Dwyer, Dan

Interviewer: Jean McMillen
Place of Interview: Johnnycake Books
Date of Interview:
File No: 76/88 Cycle:
Summary: Harold Erickson, Salmon Kill Farm,3 rare book shops

Interview Audio

Interview Transcript

Dan Dwyer Interview:

This is File #76. Today’s date is August 5, 2014. This is Jean McMillen interviewing Dan Dwyer about his life and times in Salisbury and the history of the Housatonic Bookshop through Loin’s Head Books through Johnny Cake Books and anything else that takes his fancy. We’ll start with…

JM:What is your name?

DD:My name is Dan Dwyer.

JM:When were you born?

DD:I was born on Aug. 24, 1952, in New Bedford, Mass.

JM:Your parents’ names?

DD:My mother’s name is Annette Lilliane Charest, my father’s name was Daniel Francis Dwyer, I being a junior but I never use it since he died.

JM:Do you have siblings?

DD:Yes, I have a sister Louise and a sister Anne.

JM:Educational background?

DD:I graduated from Georgetown University in 1974.

JM:Now I know that you came to the area looking for a second home to get away from Manhattan. Tell me about Bunker Hill and the Ericksons, please.

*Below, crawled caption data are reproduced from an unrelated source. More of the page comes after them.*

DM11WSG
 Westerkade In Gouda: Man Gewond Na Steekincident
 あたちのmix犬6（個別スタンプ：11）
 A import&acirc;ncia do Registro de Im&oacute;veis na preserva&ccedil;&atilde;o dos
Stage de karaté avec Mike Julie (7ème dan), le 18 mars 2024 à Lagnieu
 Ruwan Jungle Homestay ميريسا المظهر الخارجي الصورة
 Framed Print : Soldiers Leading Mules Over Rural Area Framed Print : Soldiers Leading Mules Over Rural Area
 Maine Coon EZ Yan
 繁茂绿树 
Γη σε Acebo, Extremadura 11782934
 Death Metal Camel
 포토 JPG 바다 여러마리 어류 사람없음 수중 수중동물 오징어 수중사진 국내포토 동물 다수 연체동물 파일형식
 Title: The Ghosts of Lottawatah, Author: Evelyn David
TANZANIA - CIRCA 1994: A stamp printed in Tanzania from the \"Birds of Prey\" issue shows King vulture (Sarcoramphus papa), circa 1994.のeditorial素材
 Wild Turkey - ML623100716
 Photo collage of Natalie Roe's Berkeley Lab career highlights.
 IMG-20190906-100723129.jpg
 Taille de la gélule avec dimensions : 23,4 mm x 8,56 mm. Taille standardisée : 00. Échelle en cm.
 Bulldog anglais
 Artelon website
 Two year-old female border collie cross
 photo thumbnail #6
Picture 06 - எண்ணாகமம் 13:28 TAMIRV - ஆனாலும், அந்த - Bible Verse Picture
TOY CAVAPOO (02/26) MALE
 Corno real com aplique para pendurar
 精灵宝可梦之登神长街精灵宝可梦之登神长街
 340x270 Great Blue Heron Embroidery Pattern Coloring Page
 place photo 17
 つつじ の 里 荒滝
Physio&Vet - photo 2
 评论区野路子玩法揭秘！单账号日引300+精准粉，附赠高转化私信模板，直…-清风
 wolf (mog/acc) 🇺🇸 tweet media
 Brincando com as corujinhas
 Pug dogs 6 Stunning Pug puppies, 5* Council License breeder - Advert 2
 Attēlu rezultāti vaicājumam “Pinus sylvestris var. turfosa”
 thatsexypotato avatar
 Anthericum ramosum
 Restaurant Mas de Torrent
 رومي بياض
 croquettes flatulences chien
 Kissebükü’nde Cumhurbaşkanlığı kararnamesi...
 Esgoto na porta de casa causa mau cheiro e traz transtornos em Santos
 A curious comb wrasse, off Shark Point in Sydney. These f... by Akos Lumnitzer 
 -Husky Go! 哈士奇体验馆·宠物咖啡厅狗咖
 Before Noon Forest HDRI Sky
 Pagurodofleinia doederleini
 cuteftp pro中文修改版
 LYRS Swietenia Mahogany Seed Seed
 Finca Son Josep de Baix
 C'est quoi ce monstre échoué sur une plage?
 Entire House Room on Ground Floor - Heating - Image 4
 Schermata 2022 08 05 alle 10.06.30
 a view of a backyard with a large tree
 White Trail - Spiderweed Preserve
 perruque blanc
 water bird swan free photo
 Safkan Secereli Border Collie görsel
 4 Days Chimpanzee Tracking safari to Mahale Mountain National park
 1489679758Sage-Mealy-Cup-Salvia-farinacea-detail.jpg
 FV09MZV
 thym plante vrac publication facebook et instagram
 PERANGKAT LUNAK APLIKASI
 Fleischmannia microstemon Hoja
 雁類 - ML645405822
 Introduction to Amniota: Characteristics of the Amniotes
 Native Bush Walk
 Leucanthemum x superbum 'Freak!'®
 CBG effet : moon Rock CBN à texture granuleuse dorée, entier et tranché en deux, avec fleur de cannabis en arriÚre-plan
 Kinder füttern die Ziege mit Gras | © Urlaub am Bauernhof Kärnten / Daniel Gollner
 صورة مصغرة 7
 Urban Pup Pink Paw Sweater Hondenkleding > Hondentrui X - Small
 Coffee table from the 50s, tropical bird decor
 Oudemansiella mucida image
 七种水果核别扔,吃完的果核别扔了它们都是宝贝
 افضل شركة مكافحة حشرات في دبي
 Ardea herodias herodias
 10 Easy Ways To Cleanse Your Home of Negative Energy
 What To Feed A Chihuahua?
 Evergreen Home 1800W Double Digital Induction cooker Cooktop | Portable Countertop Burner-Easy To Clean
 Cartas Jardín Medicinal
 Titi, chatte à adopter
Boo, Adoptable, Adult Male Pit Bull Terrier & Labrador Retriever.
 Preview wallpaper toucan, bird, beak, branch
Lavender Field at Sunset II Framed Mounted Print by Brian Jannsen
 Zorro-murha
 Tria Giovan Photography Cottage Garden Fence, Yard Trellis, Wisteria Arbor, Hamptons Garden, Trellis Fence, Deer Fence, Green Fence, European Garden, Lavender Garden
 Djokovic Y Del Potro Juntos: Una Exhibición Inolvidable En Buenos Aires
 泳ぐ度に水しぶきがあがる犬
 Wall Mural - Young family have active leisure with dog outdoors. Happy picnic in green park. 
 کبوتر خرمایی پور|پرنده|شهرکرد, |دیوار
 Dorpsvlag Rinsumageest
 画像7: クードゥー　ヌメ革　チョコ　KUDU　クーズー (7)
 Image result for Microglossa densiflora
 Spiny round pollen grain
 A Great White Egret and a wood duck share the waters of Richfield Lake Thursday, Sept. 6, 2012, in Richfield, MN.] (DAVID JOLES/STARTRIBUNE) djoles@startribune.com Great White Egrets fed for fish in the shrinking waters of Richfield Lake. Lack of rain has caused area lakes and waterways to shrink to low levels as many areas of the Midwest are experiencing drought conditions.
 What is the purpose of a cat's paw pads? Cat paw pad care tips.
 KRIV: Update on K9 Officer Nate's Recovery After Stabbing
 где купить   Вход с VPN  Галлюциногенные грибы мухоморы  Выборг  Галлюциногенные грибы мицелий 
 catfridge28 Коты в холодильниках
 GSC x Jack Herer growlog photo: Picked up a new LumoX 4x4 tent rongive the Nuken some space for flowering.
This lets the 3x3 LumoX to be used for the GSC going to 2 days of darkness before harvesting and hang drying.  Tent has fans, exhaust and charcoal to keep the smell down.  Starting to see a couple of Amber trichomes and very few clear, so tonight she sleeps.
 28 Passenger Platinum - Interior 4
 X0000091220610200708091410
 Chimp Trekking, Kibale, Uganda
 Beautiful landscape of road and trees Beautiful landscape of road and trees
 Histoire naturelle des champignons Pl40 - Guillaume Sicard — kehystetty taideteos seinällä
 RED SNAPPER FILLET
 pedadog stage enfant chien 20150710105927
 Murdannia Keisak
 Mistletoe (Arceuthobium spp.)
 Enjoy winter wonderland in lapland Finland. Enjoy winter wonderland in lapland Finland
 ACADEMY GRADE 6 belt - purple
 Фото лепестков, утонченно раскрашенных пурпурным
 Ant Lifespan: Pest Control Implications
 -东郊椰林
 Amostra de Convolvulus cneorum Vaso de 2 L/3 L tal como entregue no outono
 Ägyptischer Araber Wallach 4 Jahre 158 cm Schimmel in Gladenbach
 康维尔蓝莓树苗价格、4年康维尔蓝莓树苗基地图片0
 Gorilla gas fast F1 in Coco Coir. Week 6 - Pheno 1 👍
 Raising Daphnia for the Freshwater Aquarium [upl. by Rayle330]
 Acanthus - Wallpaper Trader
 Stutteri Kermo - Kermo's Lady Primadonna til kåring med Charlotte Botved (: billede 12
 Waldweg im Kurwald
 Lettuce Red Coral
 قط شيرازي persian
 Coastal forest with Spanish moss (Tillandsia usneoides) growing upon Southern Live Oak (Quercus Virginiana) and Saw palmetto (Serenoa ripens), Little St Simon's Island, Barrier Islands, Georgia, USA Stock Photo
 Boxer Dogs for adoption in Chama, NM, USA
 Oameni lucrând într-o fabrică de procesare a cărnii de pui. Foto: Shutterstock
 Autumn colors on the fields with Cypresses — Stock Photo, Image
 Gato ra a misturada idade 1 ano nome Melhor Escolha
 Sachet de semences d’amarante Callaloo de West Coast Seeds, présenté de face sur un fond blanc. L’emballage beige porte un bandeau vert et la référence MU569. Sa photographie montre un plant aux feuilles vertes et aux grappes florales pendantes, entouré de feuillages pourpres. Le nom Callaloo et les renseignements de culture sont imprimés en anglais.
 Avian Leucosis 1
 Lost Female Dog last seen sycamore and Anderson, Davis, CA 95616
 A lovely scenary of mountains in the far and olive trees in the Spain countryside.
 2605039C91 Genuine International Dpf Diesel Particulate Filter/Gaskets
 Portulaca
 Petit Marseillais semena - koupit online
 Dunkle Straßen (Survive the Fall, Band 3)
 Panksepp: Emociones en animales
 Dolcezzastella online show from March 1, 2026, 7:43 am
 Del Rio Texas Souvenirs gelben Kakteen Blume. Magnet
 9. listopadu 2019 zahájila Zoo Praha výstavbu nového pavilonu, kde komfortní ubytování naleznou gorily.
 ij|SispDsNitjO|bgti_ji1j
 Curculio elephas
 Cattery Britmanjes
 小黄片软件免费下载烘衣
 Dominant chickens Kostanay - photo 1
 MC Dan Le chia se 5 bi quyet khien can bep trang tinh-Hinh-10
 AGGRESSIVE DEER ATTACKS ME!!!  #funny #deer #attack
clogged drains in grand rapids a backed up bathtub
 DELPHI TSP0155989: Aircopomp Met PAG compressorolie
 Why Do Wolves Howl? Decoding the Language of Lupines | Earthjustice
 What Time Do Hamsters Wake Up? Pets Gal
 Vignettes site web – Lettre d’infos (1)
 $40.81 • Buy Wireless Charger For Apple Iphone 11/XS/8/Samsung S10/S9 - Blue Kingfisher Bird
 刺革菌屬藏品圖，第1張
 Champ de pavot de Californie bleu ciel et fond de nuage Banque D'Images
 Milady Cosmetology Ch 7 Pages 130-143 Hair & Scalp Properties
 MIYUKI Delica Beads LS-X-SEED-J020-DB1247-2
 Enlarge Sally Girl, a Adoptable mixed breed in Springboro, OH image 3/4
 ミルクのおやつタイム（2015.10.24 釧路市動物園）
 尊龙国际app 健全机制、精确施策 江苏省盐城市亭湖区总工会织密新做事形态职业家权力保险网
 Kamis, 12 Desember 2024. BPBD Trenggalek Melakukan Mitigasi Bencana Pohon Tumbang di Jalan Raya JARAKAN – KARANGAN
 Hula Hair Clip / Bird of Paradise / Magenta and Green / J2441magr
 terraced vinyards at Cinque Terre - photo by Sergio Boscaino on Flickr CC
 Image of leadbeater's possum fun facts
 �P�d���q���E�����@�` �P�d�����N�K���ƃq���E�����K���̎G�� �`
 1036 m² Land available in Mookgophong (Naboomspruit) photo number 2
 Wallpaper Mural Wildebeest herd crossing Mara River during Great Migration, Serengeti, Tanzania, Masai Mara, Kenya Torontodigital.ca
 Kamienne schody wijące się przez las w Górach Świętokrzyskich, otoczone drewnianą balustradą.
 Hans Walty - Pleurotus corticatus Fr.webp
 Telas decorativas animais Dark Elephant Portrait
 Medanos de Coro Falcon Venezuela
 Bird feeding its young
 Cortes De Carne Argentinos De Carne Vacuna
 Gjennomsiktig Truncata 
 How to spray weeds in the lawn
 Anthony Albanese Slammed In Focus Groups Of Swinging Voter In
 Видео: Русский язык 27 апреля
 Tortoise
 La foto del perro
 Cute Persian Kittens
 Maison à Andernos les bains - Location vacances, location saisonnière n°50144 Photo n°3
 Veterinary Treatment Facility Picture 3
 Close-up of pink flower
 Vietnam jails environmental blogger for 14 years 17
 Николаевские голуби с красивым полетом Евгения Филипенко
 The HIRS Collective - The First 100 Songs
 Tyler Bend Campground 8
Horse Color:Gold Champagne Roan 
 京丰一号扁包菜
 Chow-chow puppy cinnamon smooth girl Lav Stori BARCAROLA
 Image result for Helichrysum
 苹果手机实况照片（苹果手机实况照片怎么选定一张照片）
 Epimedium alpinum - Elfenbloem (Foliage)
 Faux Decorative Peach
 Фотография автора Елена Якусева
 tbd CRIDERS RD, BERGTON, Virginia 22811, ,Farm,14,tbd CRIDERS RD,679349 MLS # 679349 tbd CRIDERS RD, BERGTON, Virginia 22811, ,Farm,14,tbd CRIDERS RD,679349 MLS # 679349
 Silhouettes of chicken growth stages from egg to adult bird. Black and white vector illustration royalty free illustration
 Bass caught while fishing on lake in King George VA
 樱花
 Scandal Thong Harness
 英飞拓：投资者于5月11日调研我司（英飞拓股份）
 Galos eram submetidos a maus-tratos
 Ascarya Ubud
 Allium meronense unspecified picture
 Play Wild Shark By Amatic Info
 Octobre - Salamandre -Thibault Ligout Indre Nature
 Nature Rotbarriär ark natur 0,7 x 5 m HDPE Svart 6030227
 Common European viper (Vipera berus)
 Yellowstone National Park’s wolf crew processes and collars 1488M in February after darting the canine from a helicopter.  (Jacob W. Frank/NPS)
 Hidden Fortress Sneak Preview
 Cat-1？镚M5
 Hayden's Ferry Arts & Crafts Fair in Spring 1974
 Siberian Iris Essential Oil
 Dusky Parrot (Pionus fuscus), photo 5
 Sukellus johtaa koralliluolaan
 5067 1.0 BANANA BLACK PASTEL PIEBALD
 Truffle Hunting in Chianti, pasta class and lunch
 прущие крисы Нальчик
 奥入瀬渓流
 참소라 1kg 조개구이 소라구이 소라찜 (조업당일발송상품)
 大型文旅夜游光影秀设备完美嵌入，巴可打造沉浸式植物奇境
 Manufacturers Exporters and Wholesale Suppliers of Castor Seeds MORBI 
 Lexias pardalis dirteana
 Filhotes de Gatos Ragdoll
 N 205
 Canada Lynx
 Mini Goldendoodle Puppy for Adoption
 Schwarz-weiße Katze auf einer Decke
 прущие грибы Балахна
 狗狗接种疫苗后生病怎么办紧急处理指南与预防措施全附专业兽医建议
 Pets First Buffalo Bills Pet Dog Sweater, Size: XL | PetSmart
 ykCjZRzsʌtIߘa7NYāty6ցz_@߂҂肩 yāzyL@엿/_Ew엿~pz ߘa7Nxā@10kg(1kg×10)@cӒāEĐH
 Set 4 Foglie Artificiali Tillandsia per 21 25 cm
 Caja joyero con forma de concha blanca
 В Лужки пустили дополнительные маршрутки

DD:When my partner, now my husband, Jim Montanari and I were living in New York, we searched in the 2 hour radius of Manhattan for a weekend place. We both being natives of New England, we ended up looking in Salisbury because it was the most affordable, the most accessible and the best and prettiest place from Manhattan. We ended up buying a small parcel of land on Bunker Hill Road that had resulted in two small house subdivisions and a water tower. The land was basically a ten acre parcel just at the foot of Bunker Hill where it forks from the road to Mt. Riga as you head up on the right. It was a nice meadow with a woodland patch in the back of it. The woodland patch became the water tower for the Bridgeport Hydraulic Co. (now Aquarian Water Co. Ed.) The upper parcel was already developed with a house by the Lamsons, Reggie who had grown up right there just below Bunker Hill. We bought what was the meadow part, the lower meadow part of this parcel, about 2-3 acre parcel. All of this land was owned by the Ericksons who famously owned the farm at the top of Bunker Hill before it takes the hook up to Lion’s Head and for years ran the town dump. The Erickson had this parcel of land and they sold some of it to the Bridgeport Hydraulic Co. and some of it to Dan Dwyer and Jim Montanari, native New Englanders but from Manhattan. We built a little Trelleborg house tucked back in the meadow.

JM:Tell me about Harold Erickson and the dousing.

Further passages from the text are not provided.